→ Available records:
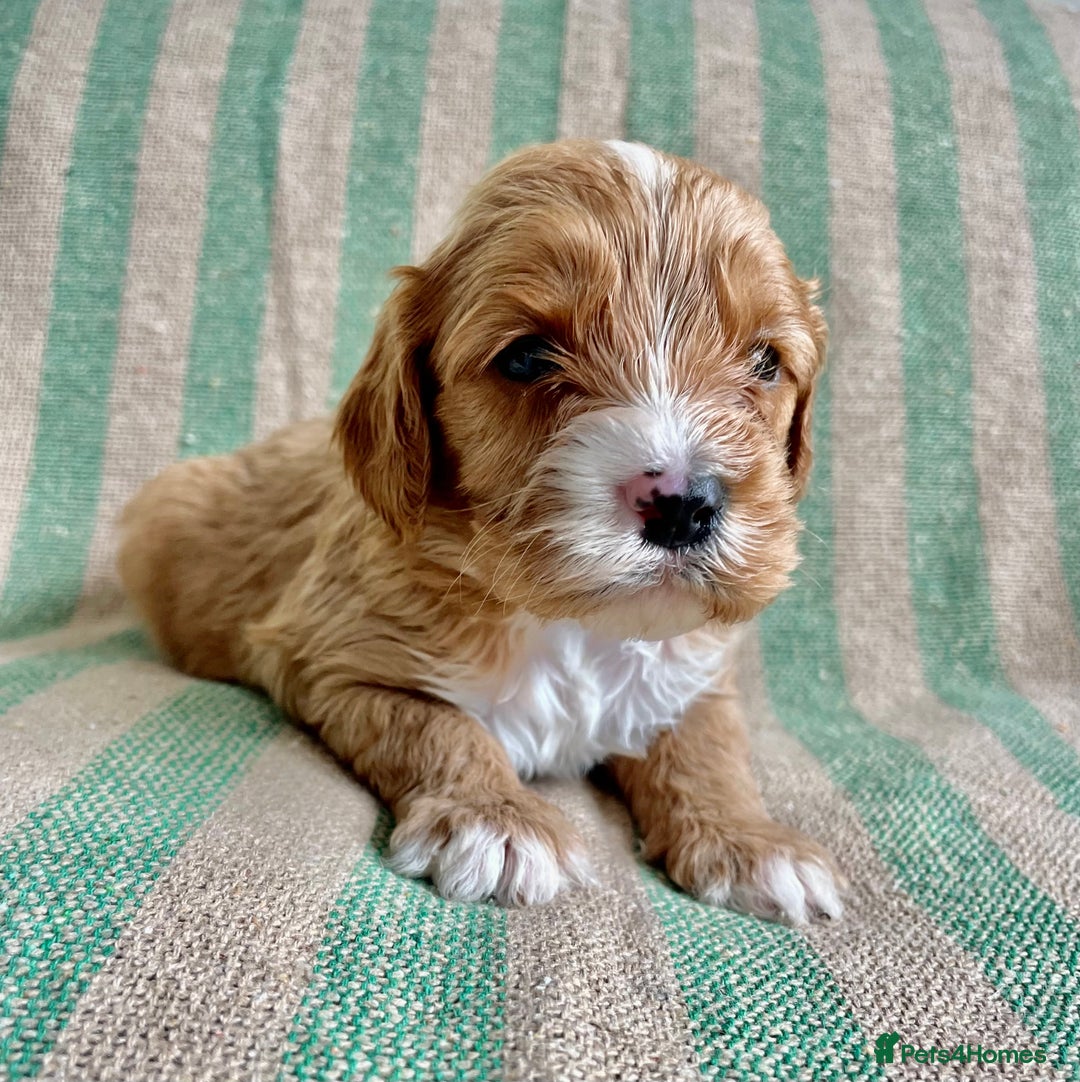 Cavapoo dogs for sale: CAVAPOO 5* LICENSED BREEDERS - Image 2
* * *
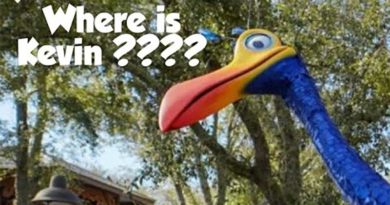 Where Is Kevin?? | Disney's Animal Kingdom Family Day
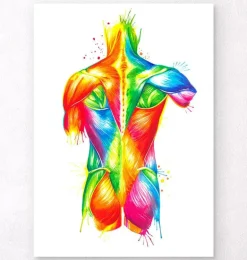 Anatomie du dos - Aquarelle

→ Work item: Although the records hold pictures, the copy must not; give again exactly the lines from the one with "Where Is Kevin??" through the one with "Anatomie du dos - Aquarelle".

→ Finished task:
 Where Is Kevin?? | Disney's Animal Kingdom Family Day
 Anatomie du dos - Aquarelle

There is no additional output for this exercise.